◆ **About this task**: Every line from the first one in the listing down to the line with "画像3: 【即日発送】【サンタコス 5点セット】【S-Lサイズ/2カラー】シンプルフレアサンタ[HC02]" should be restated word for word.
......
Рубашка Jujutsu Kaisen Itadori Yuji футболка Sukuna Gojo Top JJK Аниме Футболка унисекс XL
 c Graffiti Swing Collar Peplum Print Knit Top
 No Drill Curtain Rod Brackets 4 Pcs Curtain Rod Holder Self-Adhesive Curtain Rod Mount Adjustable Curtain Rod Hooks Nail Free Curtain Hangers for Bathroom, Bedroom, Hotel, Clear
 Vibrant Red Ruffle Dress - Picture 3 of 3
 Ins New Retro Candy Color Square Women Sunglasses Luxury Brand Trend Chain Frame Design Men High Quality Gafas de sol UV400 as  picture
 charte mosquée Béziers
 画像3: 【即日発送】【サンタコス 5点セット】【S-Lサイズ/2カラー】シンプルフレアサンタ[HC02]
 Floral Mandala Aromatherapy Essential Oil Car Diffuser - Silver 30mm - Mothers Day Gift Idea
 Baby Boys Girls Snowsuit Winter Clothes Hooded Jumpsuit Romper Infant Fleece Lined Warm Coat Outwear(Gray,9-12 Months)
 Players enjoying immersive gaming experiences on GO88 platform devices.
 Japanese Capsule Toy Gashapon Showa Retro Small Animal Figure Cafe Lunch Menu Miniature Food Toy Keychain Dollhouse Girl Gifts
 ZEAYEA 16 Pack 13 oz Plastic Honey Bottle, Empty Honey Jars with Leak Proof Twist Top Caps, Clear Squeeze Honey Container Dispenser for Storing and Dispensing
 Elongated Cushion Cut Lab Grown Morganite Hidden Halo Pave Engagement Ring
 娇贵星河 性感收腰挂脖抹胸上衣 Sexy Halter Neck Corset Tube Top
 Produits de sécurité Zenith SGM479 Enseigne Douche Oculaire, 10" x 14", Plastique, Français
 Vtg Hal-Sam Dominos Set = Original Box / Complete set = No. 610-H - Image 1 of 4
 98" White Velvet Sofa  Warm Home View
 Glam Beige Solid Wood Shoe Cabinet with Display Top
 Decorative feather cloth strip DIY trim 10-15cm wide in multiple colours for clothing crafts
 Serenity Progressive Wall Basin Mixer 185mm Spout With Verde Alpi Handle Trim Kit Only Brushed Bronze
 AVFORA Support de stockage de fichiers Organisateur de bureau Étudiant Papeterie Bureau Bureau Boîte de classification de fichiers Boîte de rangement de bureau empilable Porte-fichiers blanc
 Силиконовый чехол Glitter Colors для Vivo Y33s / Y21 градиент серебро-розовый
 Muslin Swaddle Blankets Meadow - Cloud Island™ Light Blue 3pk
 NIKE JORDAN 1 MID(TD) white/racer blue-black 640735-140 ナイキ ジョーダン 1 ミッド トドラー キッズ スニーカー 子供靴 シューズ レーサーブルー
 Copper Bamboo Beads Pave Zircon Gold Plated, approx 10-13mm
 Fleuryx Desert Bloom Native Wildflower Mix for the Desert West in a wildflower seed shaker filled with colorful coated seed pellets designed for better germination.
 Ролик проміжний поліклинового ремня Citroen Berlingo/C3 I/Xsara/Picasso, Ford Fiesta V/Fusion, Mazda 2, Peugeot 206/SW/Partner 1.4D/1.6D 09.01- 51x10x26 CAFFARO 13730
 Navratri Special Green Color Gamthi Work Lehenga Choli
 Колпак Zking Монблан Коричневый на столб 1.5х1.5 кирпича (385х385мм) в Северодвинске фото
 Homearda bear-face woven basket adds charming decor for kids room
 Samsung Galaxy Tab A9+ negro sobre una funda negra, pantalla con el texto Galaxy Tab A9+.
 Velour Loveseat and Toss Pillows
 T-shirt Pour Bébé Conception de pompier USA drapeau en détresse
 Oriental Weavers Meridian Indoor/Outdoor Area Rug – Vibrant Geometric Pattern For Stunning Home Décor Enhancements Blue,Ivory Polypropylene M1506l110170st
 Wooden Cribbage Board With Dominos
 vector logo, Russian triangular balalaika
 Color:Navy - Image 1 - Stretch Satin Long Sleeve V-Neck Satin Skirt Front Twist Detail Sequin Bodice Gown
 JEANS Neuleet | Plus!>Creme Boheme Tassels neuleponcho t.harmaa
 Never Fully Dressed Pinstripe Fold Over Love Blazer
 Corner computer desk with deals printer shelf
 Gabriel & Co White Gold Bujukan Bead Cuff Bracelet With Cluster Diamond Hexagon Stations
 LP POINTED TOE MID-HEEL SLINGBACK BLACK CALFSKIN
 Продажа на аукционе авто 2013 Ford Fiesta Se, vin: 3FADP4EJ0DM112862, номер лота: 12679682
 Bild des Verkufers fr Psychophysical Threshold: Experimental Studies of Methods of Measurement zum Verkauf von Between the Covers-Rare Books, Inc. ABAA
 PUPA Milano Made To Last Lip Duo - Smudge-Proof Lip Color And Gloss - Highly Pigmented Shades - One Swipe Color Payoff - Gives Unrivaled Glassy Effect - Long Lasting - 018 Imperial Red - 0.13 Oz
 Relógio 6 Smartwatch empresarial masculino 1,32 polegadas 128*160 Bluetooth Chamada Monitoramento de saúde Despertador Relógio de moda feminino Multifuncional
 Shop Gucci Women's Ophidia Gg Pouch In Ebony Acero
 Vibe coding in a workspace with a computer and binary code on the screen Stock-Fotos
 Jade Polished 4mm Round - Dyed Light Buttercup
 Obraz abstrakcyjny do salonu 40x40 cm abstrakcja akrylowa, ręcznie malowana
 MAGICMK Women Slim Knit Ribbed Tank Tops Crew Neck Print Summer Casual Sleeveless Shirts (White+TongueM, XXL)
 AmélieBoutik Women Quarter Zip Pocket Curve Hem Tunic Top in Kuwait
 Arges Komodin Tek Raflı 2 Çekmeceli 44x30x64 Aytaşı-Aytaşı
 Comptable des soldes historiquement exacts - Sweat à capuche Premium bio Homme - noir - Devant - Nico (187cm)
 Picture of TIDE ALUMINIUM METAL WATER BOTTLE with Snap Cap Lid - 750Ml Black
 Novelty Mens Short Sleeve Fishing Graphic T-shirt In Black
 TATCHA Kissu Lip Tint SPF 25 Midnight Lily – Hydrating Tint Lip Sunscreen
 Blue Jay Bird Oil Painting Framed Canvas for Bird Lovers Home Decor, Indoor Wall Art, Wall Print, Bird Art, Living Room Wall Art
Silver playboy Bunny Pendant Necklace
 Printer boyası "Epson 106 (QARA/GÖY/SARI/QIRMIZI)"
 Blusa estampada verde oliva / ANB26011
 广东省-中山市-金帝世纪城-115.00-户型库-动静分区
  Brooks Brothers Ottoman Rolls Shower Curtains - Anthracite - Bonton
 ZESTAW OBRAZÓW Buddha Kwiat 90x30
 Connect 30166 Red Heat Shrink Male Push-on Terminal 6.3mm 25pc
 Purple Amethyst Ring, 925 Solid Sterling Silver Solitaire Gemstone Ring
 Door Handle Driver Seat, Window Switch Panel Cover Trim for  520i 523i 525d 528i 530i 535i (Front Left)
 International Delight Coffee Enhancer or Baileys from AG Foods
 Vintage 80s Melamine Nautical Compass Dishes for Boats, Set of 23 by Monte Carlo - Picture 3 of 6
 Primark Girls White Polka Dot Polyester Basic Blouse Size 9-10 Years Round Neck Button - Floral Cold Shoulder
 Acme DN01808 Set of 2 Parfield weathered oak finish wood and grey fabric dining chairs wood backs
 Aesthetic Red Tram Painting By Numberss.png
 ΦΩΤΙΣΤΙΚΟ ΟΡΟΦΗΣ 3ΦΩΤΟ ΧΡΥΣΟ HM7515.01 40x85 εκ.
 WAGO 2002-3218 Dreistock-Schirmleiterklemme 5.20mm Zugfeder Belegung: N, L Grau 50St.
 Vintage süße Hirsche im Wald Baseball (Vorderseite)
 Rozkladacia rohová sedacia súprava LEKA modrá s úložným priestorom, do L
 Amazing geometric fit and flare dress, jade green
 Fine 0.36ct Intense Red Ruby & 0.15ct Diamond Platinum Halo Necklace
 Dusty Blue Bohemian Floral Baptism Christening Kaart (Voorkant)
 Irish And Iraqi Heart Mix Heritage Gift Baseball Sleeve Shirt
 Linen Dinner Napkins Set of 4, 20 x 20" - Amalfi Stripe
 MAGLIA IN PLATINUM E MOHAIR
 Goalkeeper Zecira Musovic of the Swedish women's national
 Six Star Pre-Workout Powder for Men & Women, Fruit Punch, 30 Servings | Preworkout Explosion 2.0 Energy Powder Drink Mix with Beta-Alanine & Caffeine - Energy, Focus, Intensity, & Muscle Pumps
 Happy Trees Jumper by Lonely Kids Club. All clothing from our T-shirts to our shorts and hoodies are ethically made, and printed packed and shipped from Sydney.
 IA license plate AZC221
......
◆ **Expected answer**:
Рубашка Jujutsu Kaisen Itadori Yuji футболка Sukuna Gojo Top JJK Аниме Футболка унисекс XL
 c Graffiti Swing Collar Peplum Print Knit Top
 No Drill Curtain Rod Brackets 4 Pcs Curtain Rod Holder Self-Adhesive Curtain Rod Mount Adjustable Curtain Rod Hooks Nail Free Curtain Hangers for Bathroom, Bedroom, Hotel, Clear
 Vibrant Red Ruffle Dress - Picture 3 of 3
 Ins New Retro Candy Color Square Women Sunglasses Luxury Brand Trend Chain Frame Design Men High Quality Gafas de sol UV400 as  picture
 charte mosquée Béziers
 画像3: 【即日発送】【サンタコス 5点セット】【S-Lサイズ/2カラー】シンプルフレアサンタ[HC02]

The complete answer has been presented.